SE DIRIGIÓ A las colinas proverbiales. La Montañas Cascade quedan al oeste, tras unos treinta kilómetros o más de lechos volcánicos. La lava le resultaba muy familiar. Cada rasguño de sus zapatos le aproximaba más a su niñez. Durante toda la noche, trotó, caminó, descansó, trotó. Al ponerse el sol, le esperaba el monte Shasta, cono de helado de diamante, volcán de vacaciones, adornado (como las grullas chilladoras) con el poder del blanco. Alentándole. Una hora después de amanecer estaba a cubierto bajo los árboles.
Pensaba ir por la senda de la cresta, cruzar los Montes Cascade y seguir luego Sierra Nevada hasta México. En primavera quizá volviese como emigrante clandestino a Norteamérica para trabajar en la cosecha. No eran muchos los granjeros capaces de distinguir a un nipón de un hispano, no con sombrero de paja y el espinazo doblado hacia los nabos. Ay, México quedaba a mil seiscientos kilómetros de distancia, el mes era noviembre, ya había nieve en las cumbres, flop flap cantaban sus zapatos.
Por fortuna, el Chink sabía qué plantas comer y qué bayas, nueces y hongos asar en diminutas hogueras sin apenas humo: Cómo mejor remendarse los zapatos con cortezas. Su viaje siguió bien una semana o más. Luego, del misterioso lugar donde el tiempo habita, llegó cabalgando una poderosa y brusca tormenta. Durante un rato, jugó con él, soplando en sus oídos, aviejando su pelo normalmente negro, colgando copos habilidosamente en la punta de su nariz.

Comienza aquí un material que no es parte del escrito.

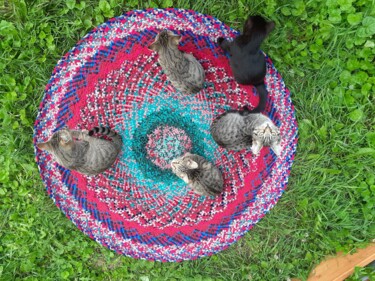 Текстильное искусство под названием "Плетеный коврик" - Татьяна Паола, Подлинное произведение искусства, Ткань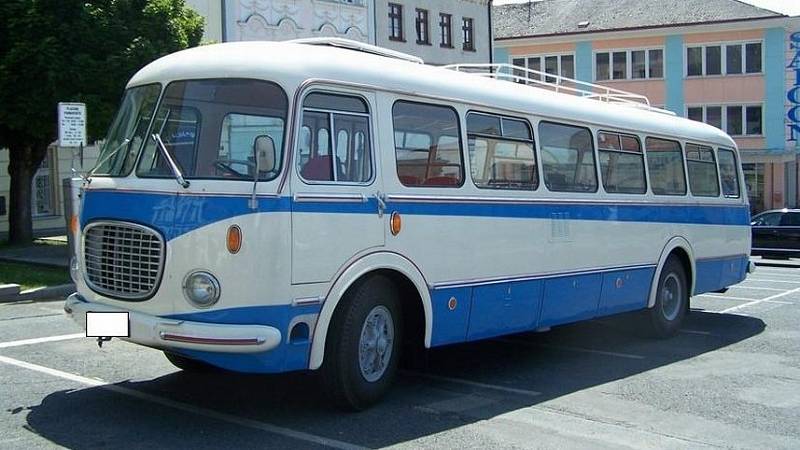 Škoda 706 RTO. Autobus od vysokomýtské Karosy jste zřejmě nečekali. Na takzvaný „knedlík“ si určitě vzpomenou hlavně pamětníci, cestující vozil už od konce 50. let až do roku 1972. 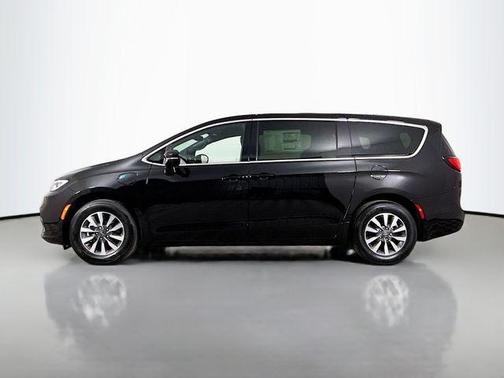 2025 Chrysler Pacifica Hybrid Select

Pero la tormenta iba en serio y pronto el Chink, pese a cobijarse bajo un saliente, comprendió que, en comparación, la pasión de aquella tormenta por tormentear convertía en cosa de risa su propio deseo de llegar a México. Nieve nieve nieve nieve nieve. Lo último que una persona ve antes de morir se ve obligado a llevarlo consigo por todas las salas de equipaje de la muerte eterna. El Chink se esforzó por fijar sus ojos en una secoya o al menos en un matorral de gaylussacia, pero todo lo que sus congelados ojos veían era nieve. Y la nieve quería tenderse sobre él con el mismo ansia con que el varón quiere tenderse sobre la mujer.
La tormenta se ensañó con él. Perdió la conciencia esforzándose por pensar en Dios, y pensando en cambio en una radiante mujer que cocinaba ñames.
Le salvaron, claro. Le salvaron los únicos que podían salvarle. Fue descubierto, arrastrado, acostado y descongelado por miembros de una cultura india de Norteamérica a la que, por varias razones, no puede identificarse más que con esta fantástica descripción: Pueblo Reloj.
Quizá no sea fácil aceptar el hecho de la existencia de este pueblo. Podrías leer todos los números del National Geographic desde el año 1 y no hallar paralelo exacto en las características particulares del Pueblo Reloj. Sin embargo, si lo piensas un rato (como hizo Sissy, como hizo el autor) resulta evidente que el proceso civilizador ha dejado bolsas de vacío que sólo podría haber llenado el Pueblo Reloj.